Wednesday, November 26, 2003

Why, in Fayette this year, did observance of Veterans Day just about disappear?

It seems like Veterans Day disappeared this year.

Does Fayette County not celebrate this most important and patriotic day honoring those who have served our country? Or did everyone responsible for publicity this year just drop the ball? I’m astonished there isn’t more of an outcry for more substance on this special day, a day ripe with educational value. Especially as young Americans are serving and dying right now in the war on Iraq.

I admit, our family also nearly forgot Veterans Day. If it hadn’t been for a small mention of the Nov. 11 holiday in another book we were reading for a home school lesson, we probably would have gone on in oblivion like the rest of this area seems to have done. I’ve spoken to schoolteachers and even veterans that didn’t even realize they had missed it.

After my son and I checked out two books from the Peachtree City library, one all about Veterans Day (I learned so much reading it with my young son!) and the other a beautiful picture book about “The Star Spangled Banner,” our next goal was to find a local parade to attend Tuesday.

I carefully read through the Wednesday and Friday editions of The Citizen (a refreshingly unusual newspaper in that it is markedly more conservative and patriotic in tone than most others), and not even one mention of Veterans Day was found, much less parade information.

There were even old photos of Fayette servicemen as part of Bruce Jordan’s historical story, and a story by Carolyn Cary about a Fayette service member being honored by the Sons of the American Revolution (on Saturday, Nov. 15!), but the events calendar jumped from Nov. 8 right past Veterans Day to Nov. 12.

I was amazed. I also felt badly for my old coworkers at The Citizen, who I imagined had proudly sent the Friday paper off to the printer Thursday chock full of great local news and election results, only to realize with horror that they had forgotten to even mention Veterans Day. No parade information or cute little flag with “Happy Veterans Day” on the front page, nothing. None of the other local papers had anything either.
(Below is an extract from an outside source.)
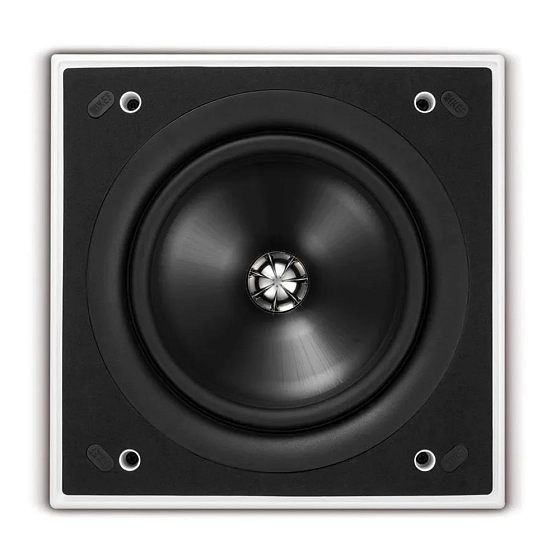 In-Wall Speakers KEF Ci200QS White - img.0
I was even more amazed when not even the Atlanta paper or Atlanta’s own CNN made mention of Veterans Day on their web sites. Apparently CNN.com and Yahoo News had no room on their full web pages for honoring our veterans, even though most of the top news stories Monday and even Tuesday morning were about deaths (of veterans, I may add) in Iraq.

Several attempts to search the web were unsuccessful at shedding any light on where a local parade might be, or if there would even be one this year. At least I did find a Veterans Day teacher’s guide and Letter from the President on the government’s web page, so I could show my son something. Even my home school group’s activity calendar had no listing of a parade or special event. At one point, after seeing parade information for plenty of other cities, I turned to ask my husband, “How far a drive is it to Augusta?”
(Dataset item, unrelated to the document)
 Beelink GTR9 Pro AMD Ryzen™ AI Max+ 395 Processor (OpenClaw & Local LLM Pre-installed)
(Here is a pause to admit I was searching for this information late Monday night, when I couldn’t phone the local veterans clubs or the one listing I did finally find on the web for the Atlanta Veterans Day parade planning committee.)
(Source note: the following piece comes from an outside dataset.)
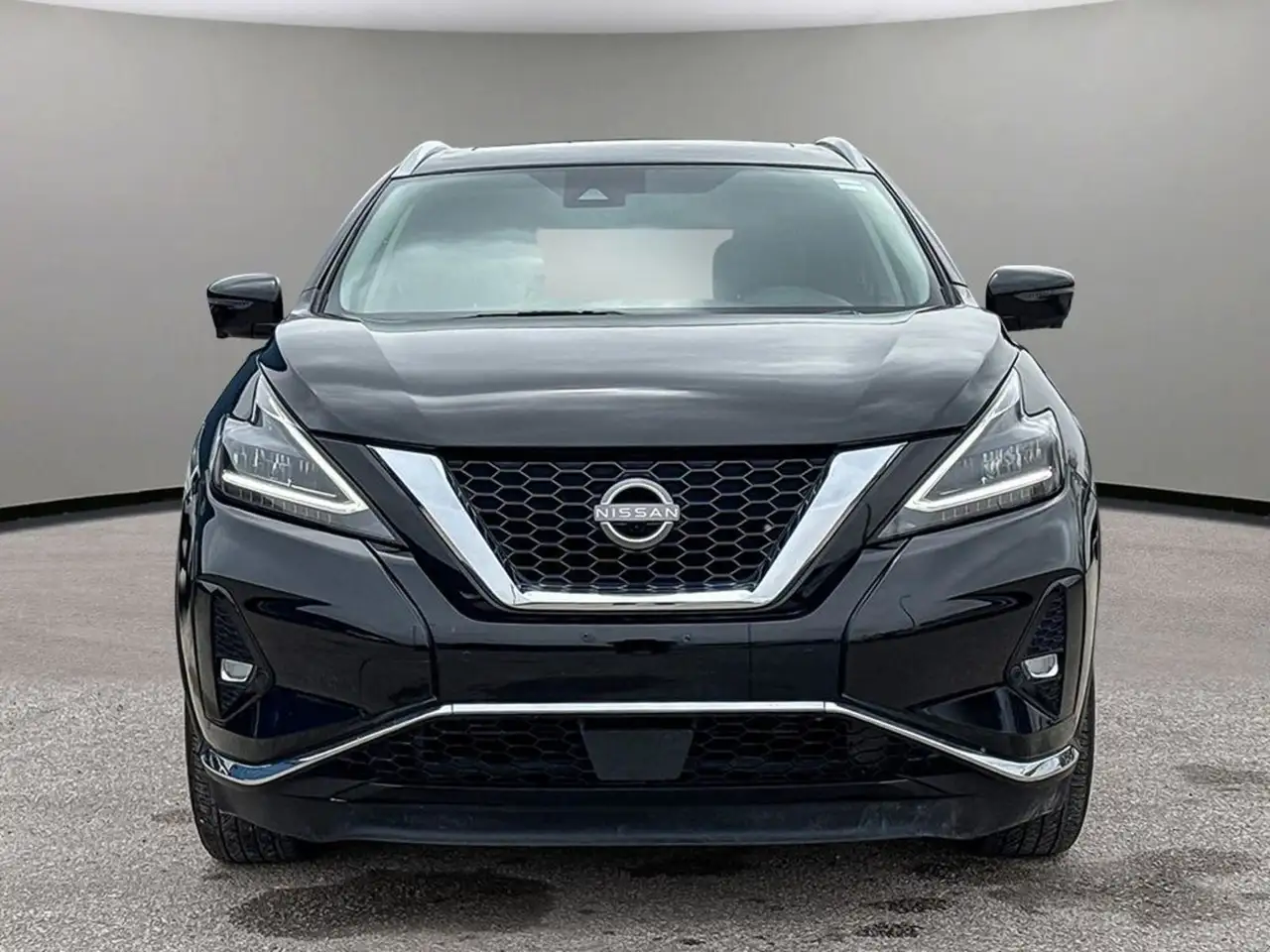 Nissan Murano fotografie Nissan Murano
Miraculously on Tuesday morning I finally found a listing for the Atlanta parade (hooray!) buried on the WSB web site, with the 11 a.m. time and even directions. Somewhere amongst my web searches I had also discovered that here in Fayette County, the children of Brooks Elementary School would also be holding a little parade at 9 a.m.

So my pre-K son and I set off Tuesday morning on our field trip, dressed in red, white and blue with Old Glory in hand, and singing our small repertoire of patriotic songs.

First stop: Brooks. After a late start, the small parade began at the elementary school, wound around about four blocks to “downtown,” then doubled back and returned to the school.

We were pleased with the classes’ efforts: Adorably decorated kids proudly paraded floats made from wagons, including two Army tanks, a U.S.S. Enterprise aircraft carrier, and more than one Uncle SAM. There was a police car, a fire truck (driven by Rick Ryckeley, who also writes columns for The Citizen) and an authentic Army jeep and trailer.

After the Army jeep and before the children’s classes came nine Shriner vehicles, eight convertibles and one that looked like a modified ice cream truck, plus some Shriner clowns. (Can anyone tell me what they were doing in that parade, anyway? If the Shriners were all veterans, at least they could have had a little sign on their cars saying so.)

As they passed by the second time in their red fezzes, I leaned over to my son (whom I had been so diligently teaching about military and patriotic stuff for several days) and mentioned that no, those were not military hats. All that aside, it was a wonderful effort and we enjoyed the parade.

Then we raced back to Peachtree City, picked up my dad (who by the way served two years during the Vietnam War) and followed the directions to the Atlanta Veterans Day parade on Peachtree Street. I don’t like driving downtown, and after much frustration and several long wrong turns, finally found an illegal place to park for the last 10 minutes we had in our schedule for watching the parade.

What was nice about our convoluted drive, though, was that we ended up seeing the parade from the back forward, as we passed all the floats and military units waiting to begin their march. Conveniently, after parking we came out on the parade sidelines right at the beginning, very near the grandstand where the dignitaries were seated. We were regaled with patriotic music, crisp formations of every branch of military service, and even three tanks showing off their huge anti-aircraft guns like three large synchronized swimmers.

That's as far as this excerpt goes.